In the current proceeding the defendant now asserts that Akin, Gump negligently gave them the wrong advice on entering this deal. To the contrary, Akin, Gump did not need to advise them of their potential liability. They already knew from the recalcitrant limited partners, and especially Hochman, that they had significant liability exposure. Moreover, they cannot depart from their previous representations to fit the facts around a defense in this case (Machado v Clinton Housing Development, 20 AD3d 307, 798 NYS2d 56 [1st Dept 2005] ["We reject plaintiffs' belated argument that the leak was actually in the wall because it directly contradicts Mrs. Machado's earlier deposition testimony that the water was leaking from both the bathroom faucet and valve at 20 AD2d 308), see, also, Popoters V Northern Boulevard Corp., 11 AD3d 368 [1st Dept 2004]."

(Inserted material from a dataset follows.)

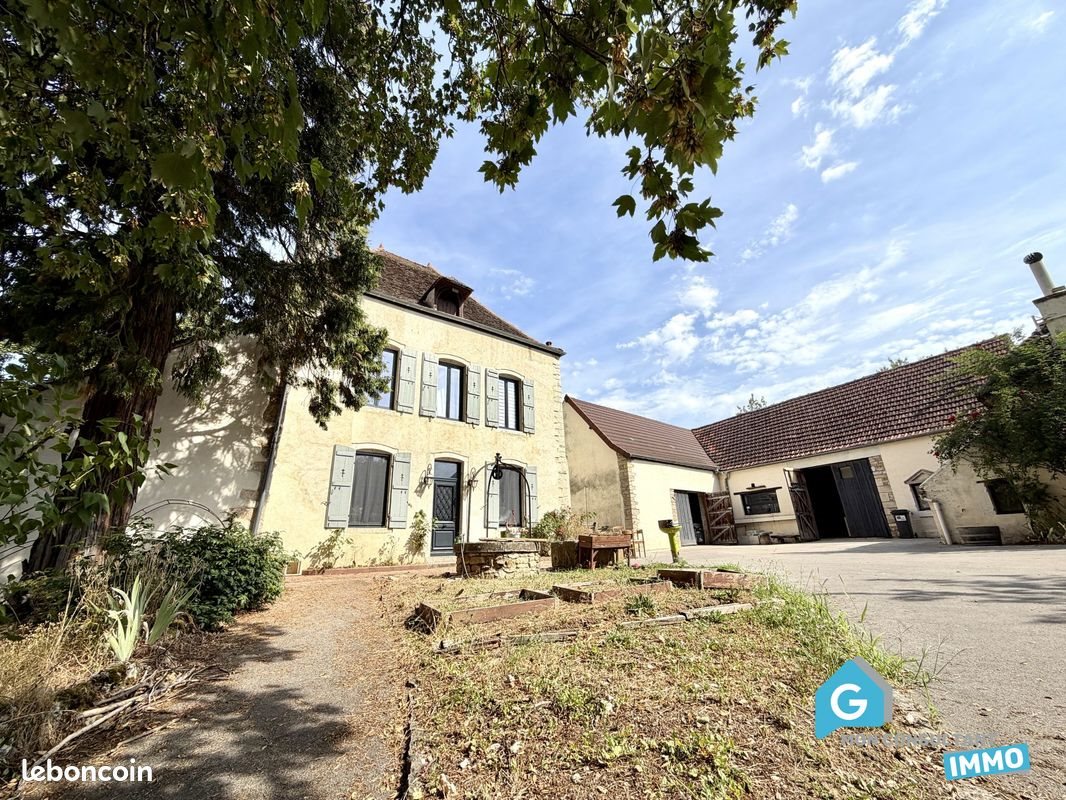 Maison à vendre, 143m², Demigny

Although the plaintiffs' have cited a number of decisions holding that to assert the doctrine of judicial estoppel a party must show that the present position is inconsistent with a position taken by the adversary in a prior proceeding in which the adversary prevailed, courts in this jurisdiction have held that in the appropriate circumstances, success in the prior [*4]action is not always necessary (D&L Holdings v Goldman, 287 AD2d 65, 71, 734 NYS2d 25, [1st Dept 2002], lv. to app den 97 NY2d 611, 742 NYS2d 604).

On the merits, the foregoing discussion justifies the dismissal of the first and second causes of action, based, as they are, on misleading advice that there wasn't a self-dealing issue.

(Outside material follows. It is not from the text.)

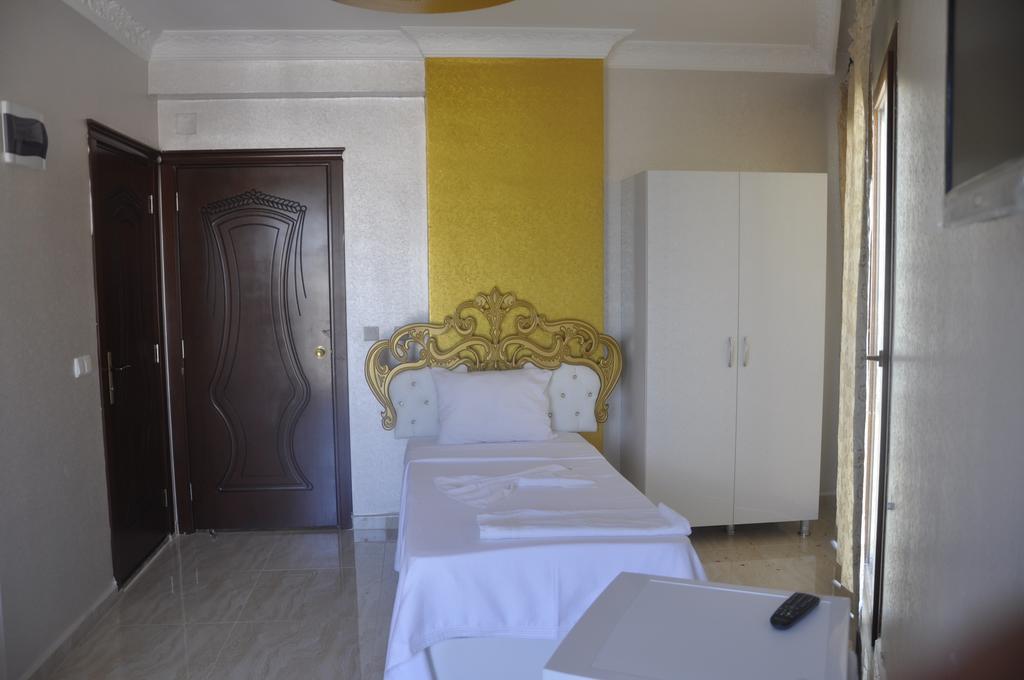 Alev Palace Otel Arsuz Zimmer foto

The third and fourth causes of action rely on the allegation that the defendants deceitfully and negligently advised (or failed to advise) the plaintiffs that they had a defense based on the wrong advice of counsel. First of all, a law firm cannot be held liable because it gave erroneous advice, although it can be held liable for not telling its client that liability was uncertain (Bistriker v Singer Bienenstock Zamansky and Selenght, 14 AD2d 468, 787 NYS2d 881 [1st Dept 2005]). In this case, no such advice was necessary. Plaintiffs were already aware of their potential liability (See, also, Kalimian v Breger, 307 AD2d 813, 763 NYS2d 52 [1st Dept 2003]) where defendants' failure to inform plaintiffs about a long-term lease in the building was not malpractice because a partner in plaintiff knew about the lease prior to the signing of the contract. These plaintiffs are in the same position as the trustees of an estate who cannot limit their liability by claiming they were relying on the advice of counsel when they were well aware of the risks they were engaged in (Matter of Rothko's Estate, 43 NY2d 305, 401 NYS2d 449 [1977]).

The Court has considered plaintiffs' remaining claims and finds them without merit.

Accordingly, it is

ORDERED and ADJUDGED that the cross motion to amend the complaint is denied; and it is further

ORDERED and ADJUDGED that this action is dismissed with costs and disbursements awarded to the defendants in the sum of $____________________ as taxed by the Clerk of the Court.

Dated: April 10, 2006

_______________________

Louis B. York, J.S.C.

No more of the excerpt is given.